Once the inside of the processing chamber 2 is depressurized to a high vacuum state, the control unit 3 supplies nitrogen gas into the processing chamber 2 by opening the on-off valve 18. Further, the control unit 3 controls the nitrogen gas flow rate controller 15 based on the pressure value indicated by the pressure sensor 10 to adjust the supply flow rate of nitrogen gas and adjust the opening degree of the APC valve 9. By these adjustments, the control unit 3 adjusts the pressure in the processing chamber 2 to a predetermined pressure of 5 to 700 Torr (step S4: first pressure adjusting step). Further, the control unit 3 controls the heating mechanism 5 to adjust the temperature of the substrate holder 4 to a predetermined temperature (step S5: first temperature adjustment step). For example, the control unit 3 may start temperature control (heating) of the substrate holder 4 substantially at the same time as starting the depressurization in the processing chamber 2 in step S2.

Here, the CVD oxide film is selectively etched from the thermal oxide film, the CVD oxide film, and the ALD oxide film. Therefore, in steps S4 and S5, the control unit 3 sets the pressure of the processing chamber 2 and the temperature of the substrate W to the first pressure (for example, 10 Torr) suitable for selective etching of the CVD oxide film and the first in the low temperature region. Adjust to a temperature (for example, a temperature of 25 ° C. or higher and 50 ° C. or lower).

When the temperature of the substrate W reaches the first temperature after a predetermined time elapses after the start of temperature control in step S5, the control unit 3 opens the on-off valves 16 and 17 to process the HF gas and steam in the processing chamber 2. Supply inside. At this time, the control unit 3 controls the steam flow rate controller 13 and the HF gas flow rate controller 14 to adjust the HF gas and steam to a predetermined flow rate.

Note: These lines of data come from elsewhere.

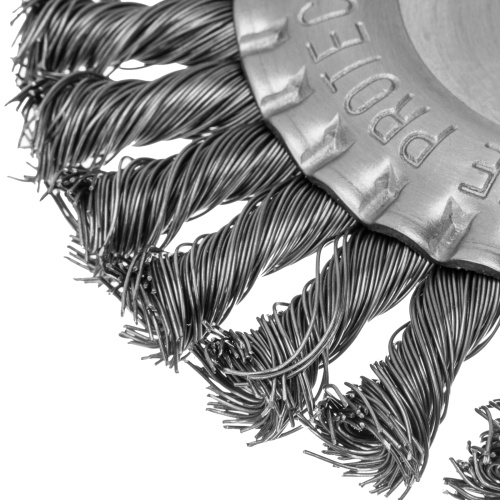 Щетка для УШМ 150 мм, посадка 22.2 мм, плоская, крученая металлическая проволока Сибртех по ценам производителя в Краснодаре с доставкой по всей России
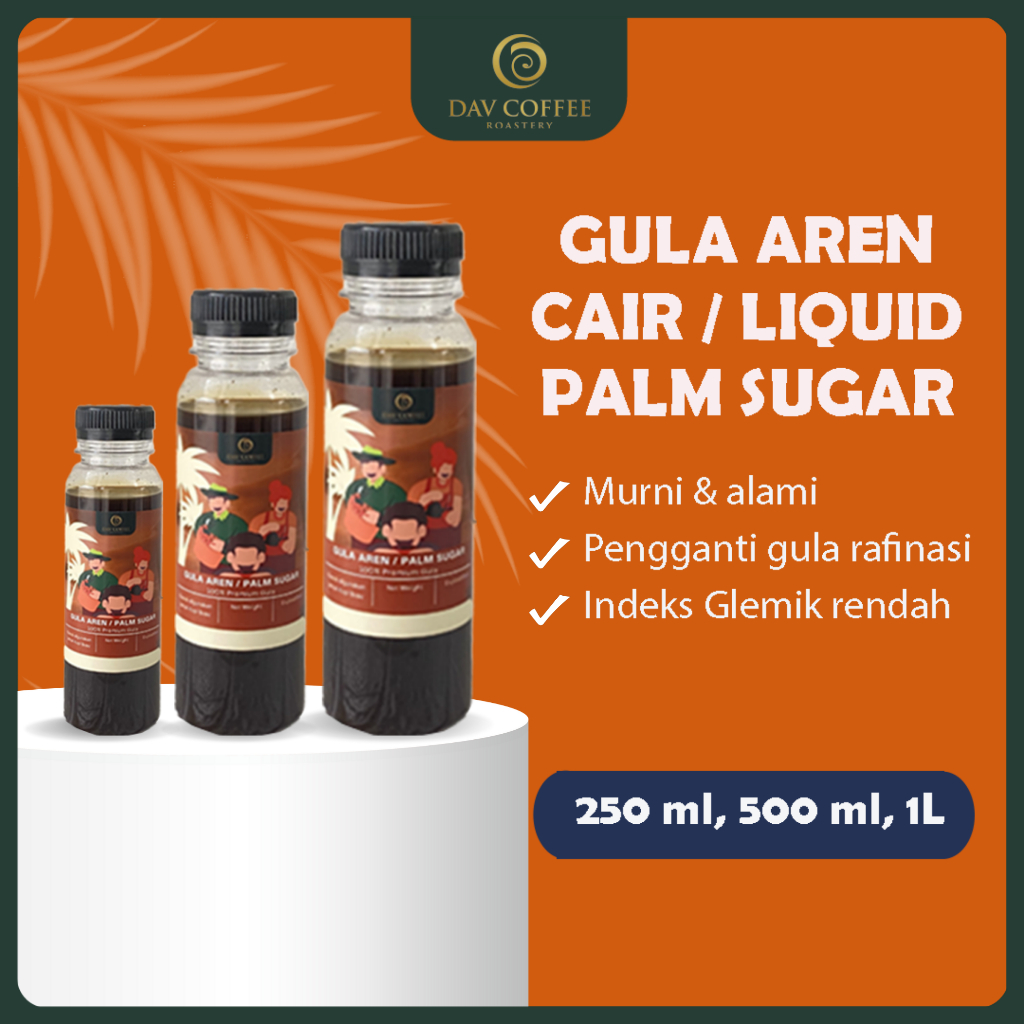 

Gula Aren Cair / Liquid Palm Sugar Dav Coffee Roastery 250 ml
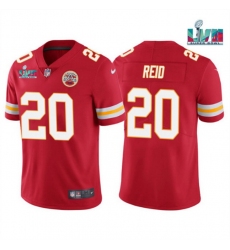 Men Women Youth Toddler Kansas City Chiefs 20 Justin Reid Red Super Bowl LVII Patch Vapor Untouchable Limited Stitched Jersey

The mixed gas of water vapor and HF gas supplied into the processing chamber 2 passes through the plurality of openings 6H formed in the gas dispersion plate 6 and comes into contact with the entire surface of the substrate W substantially uniformly. At this time, since the substrate W is temperature-controlled to a predetermined temperature in the low temperature region, the CVD oxide film to be etched is selectively etched by the steam and the HF gas (step S6: selective etching step). When a predetermined time has elapsed after the start of supply of HF gas and steam, the control unit 3 stops the supply of HF gas and steam by closing the on-off valves 16 and 17.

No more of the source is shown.